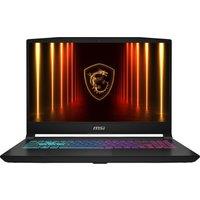 MSI Katana 15 15.6 Gaming Laptop - NVIDIA GeForce RTX 5070, Intel Core i7, 512GB SSD - Black, Black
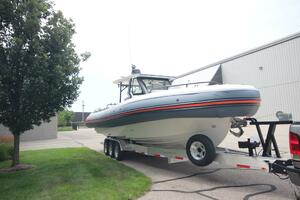 2025 Zodiac X10CC Twin Mercury 400's w/ Joystick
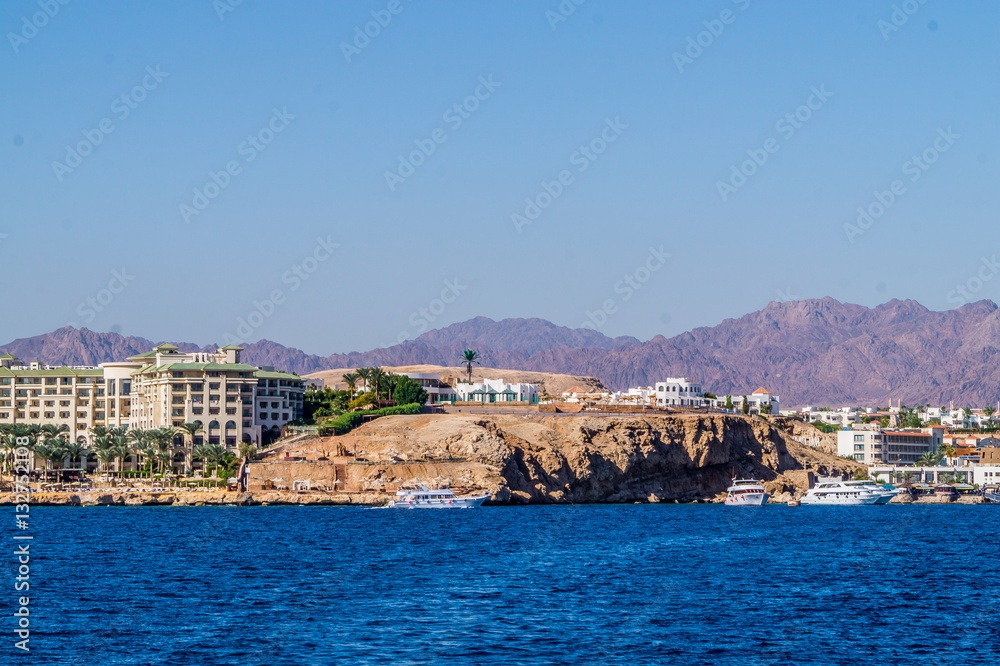 Отдых в Египте. Роскошный отель на берегу Красного Моря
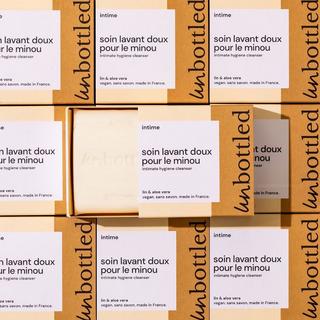 UNBOTTLED  Detergente delicato per le parti intime - Sapone intimo Formato Viaggio 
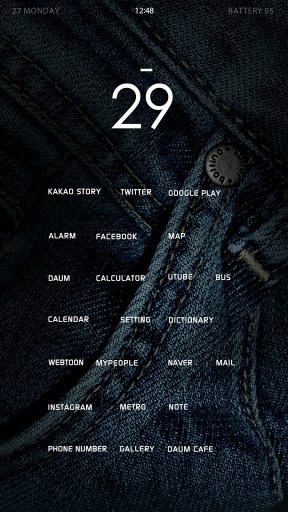 For Men 2 Buzz Launcher Theme截图3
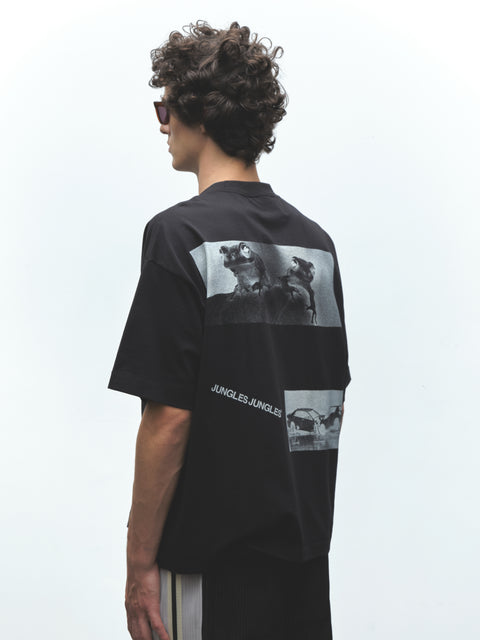 TOGETHERNESS TEE BLACK
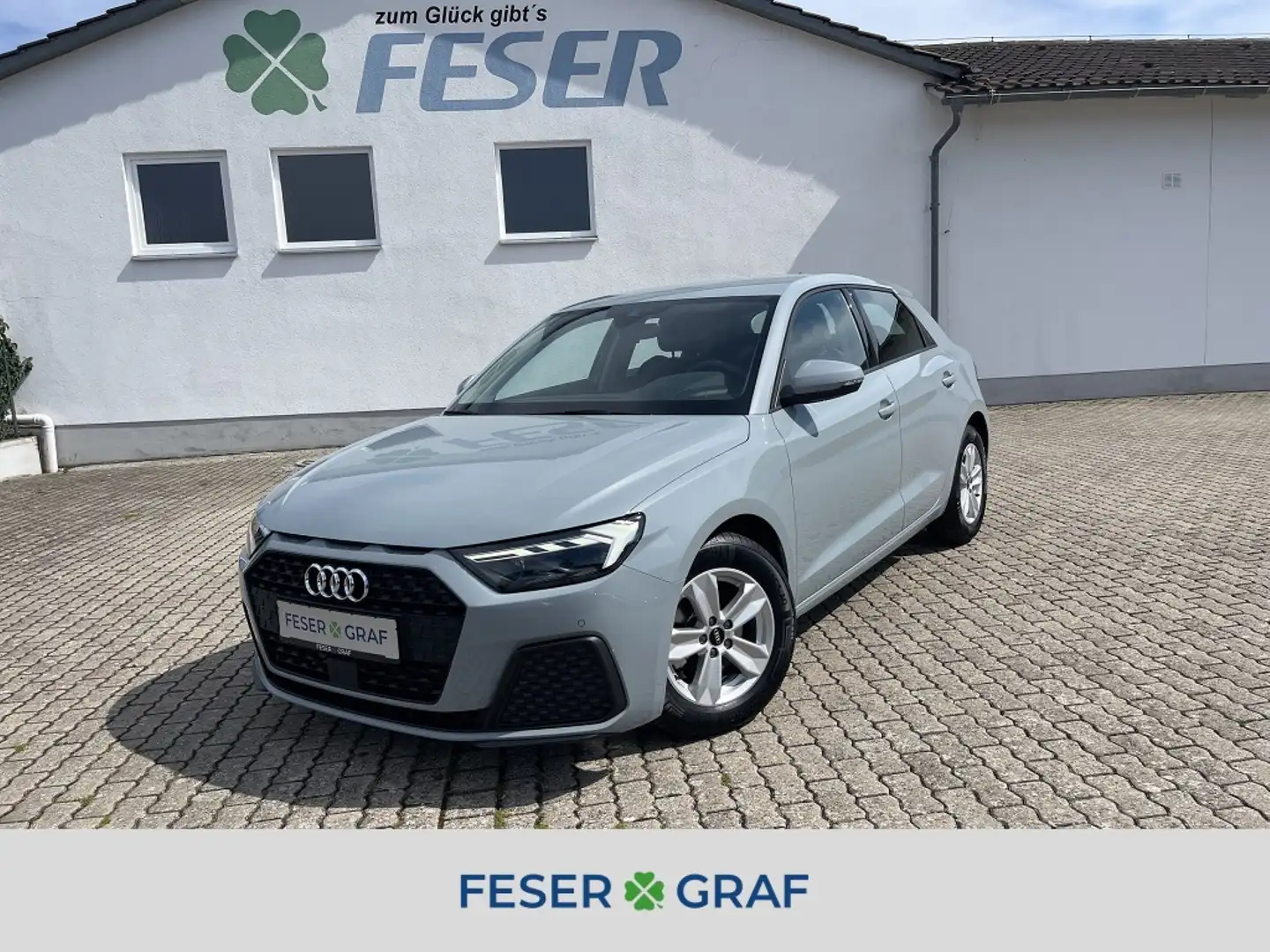 Audi A1 Spb. 30 TFSI S-Tr. LED PHONEBOX VIRTUAL Grau - 1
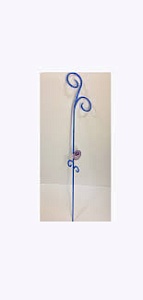 Держатель д/орхидей Лиана Н-61см синий (Стайл)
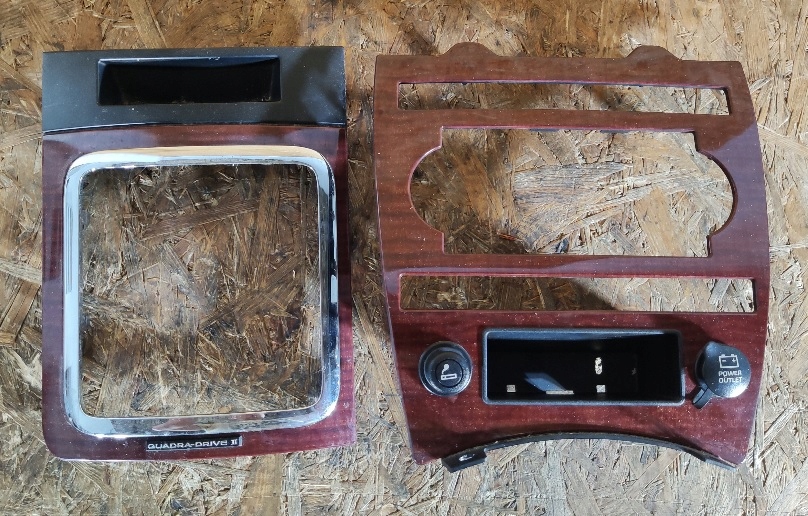 фото №1, Рамки панели drewno jeep grand cherokee wk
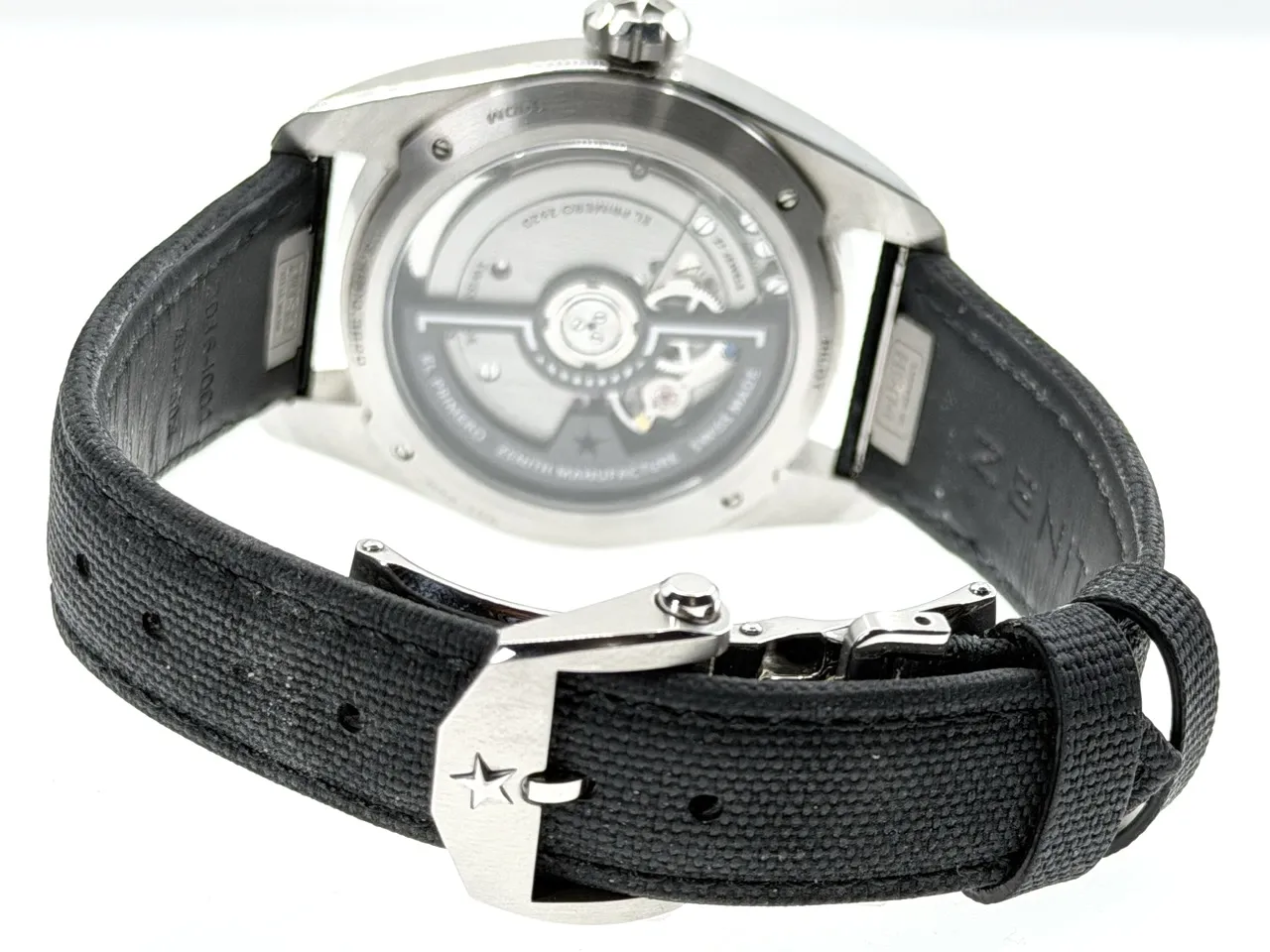 ZENITH Pilot Central Second and Date 40mm Automatic with Box Papers Card 03.4000.3620/21.I001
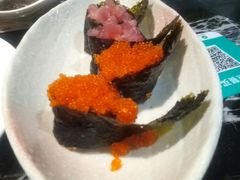 三文鱼寿司-松坂屋日料自助(长城路店)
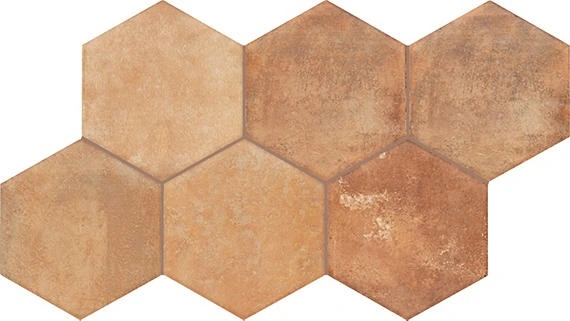 Rust Hexagon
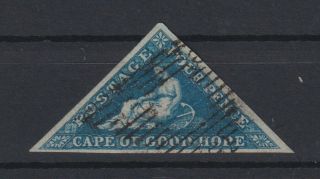 Cape Of Good Hope 4d On Deep Blue Paper,  In Every Respect,  A Beauty (o67)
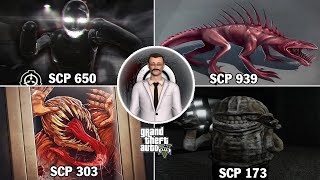 GTA 5 - 24 giờ là Tiến Sĩ SCP khám phá bí ẩn về SCP-303 SCP-953 SCP-650 SCP-173 | GHTG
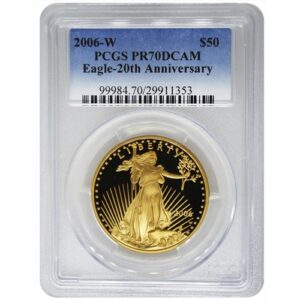 2006-W 1 oz Proof American Gold Eagl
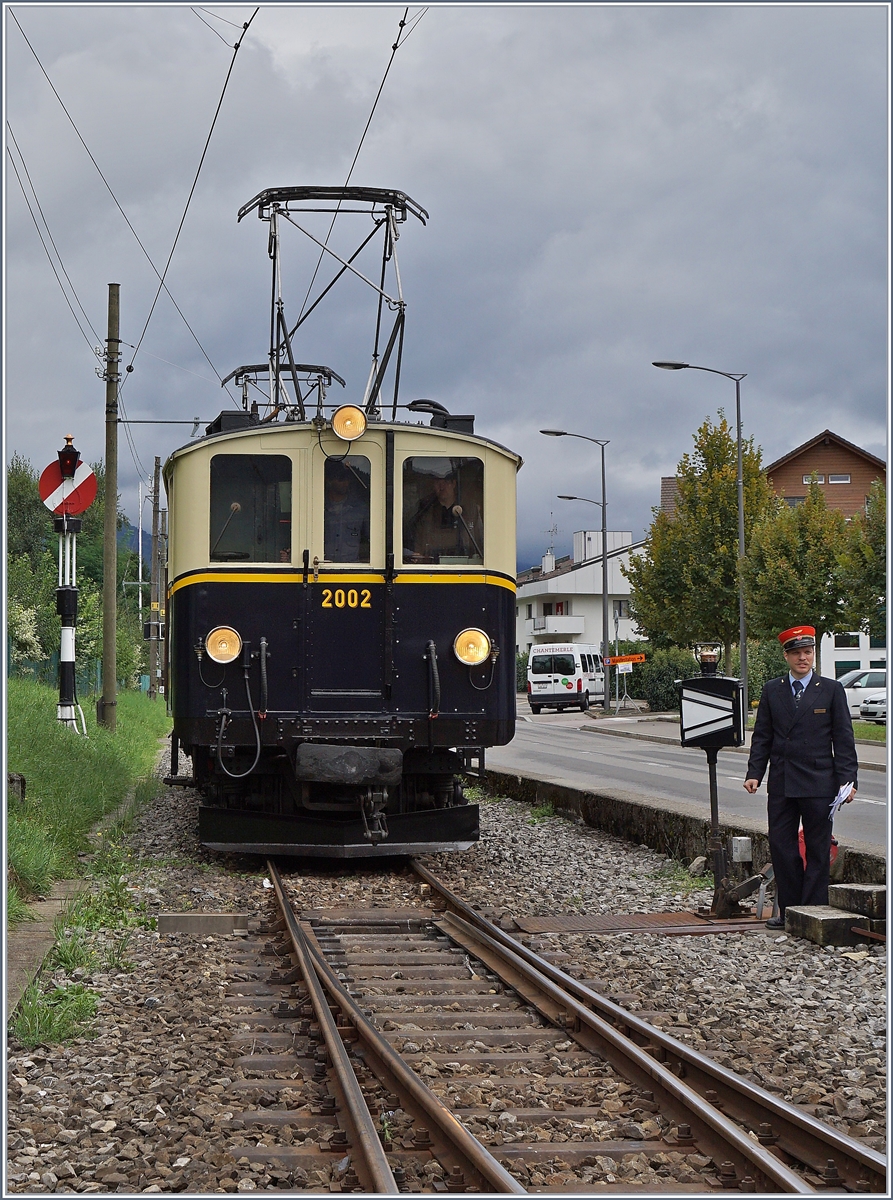 Der DZe 6/6 2002 in Blonay.

17. Sept. 2016
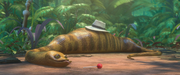 Miguel Ferrer's animated death in Rio 2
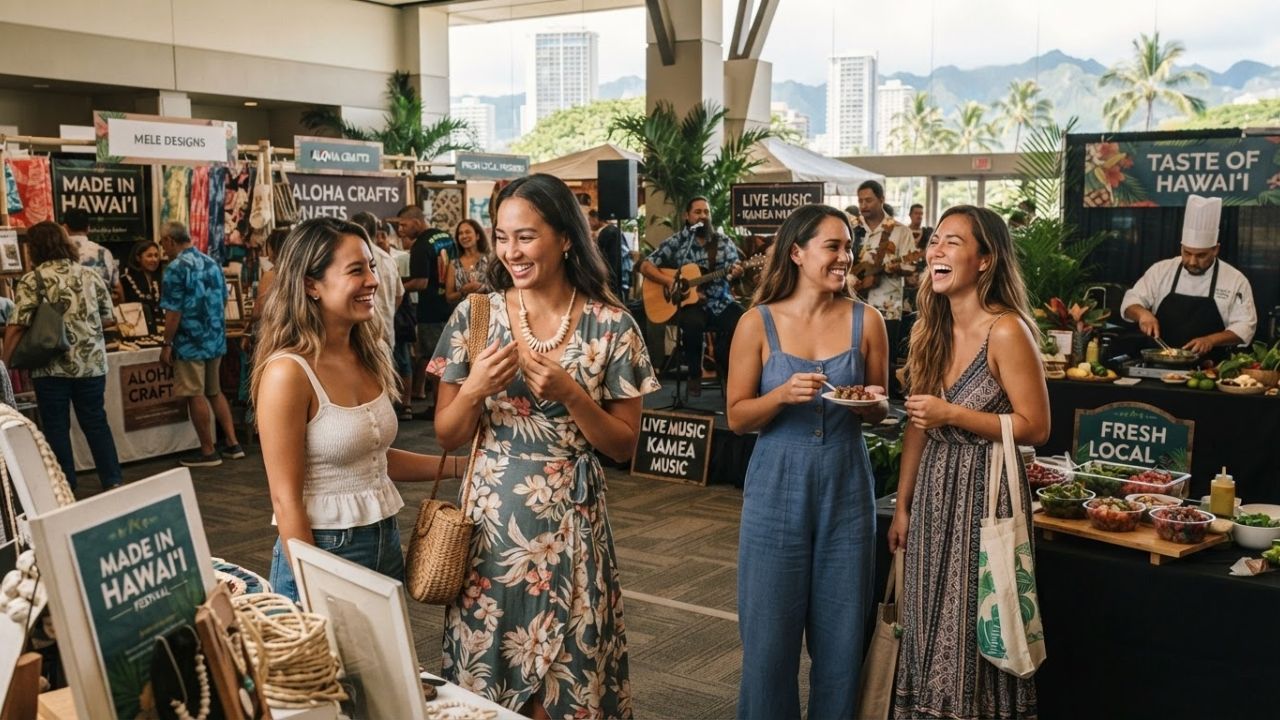 Made in Hawaiʻi Festival Showcases Local Artisans and Cuisine in Honolulu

==============================

[Problem details] Only exact duplicates of the lines from the one containing "ZENITH Pilot Central" through the final line of the entries, both included, are needed, with pictures left out.

[Solved problem]
 ZENITH Pilot Central Second and Date 40mm Automatic with Box Papers Card 03.4000.3620/21.I001
 三文鱼寿司-松坂屋日料自助(长城路店)
 Rust Hexagon
 Cape Of Good Hope 4d On Deep Blue Paper,  In Every Respect,  A Beauty (o67)
 GTA 5 - 24 giờ là Tiến Sĩ SCP khám phá bí ẩn về SCP-303 SCP-953 SCP-650 SCP-173 | GHTG
 2006-W 1 oz Proof American Gold Eagl
 Der DZe 6/6 2002 in Blonay.

17. Sept. 2016
 Miguel Ferrer's animated death in Rio 2
 Made in Hawaiʻi Festival Showcases Local Artisans and Cuisine in Honolulu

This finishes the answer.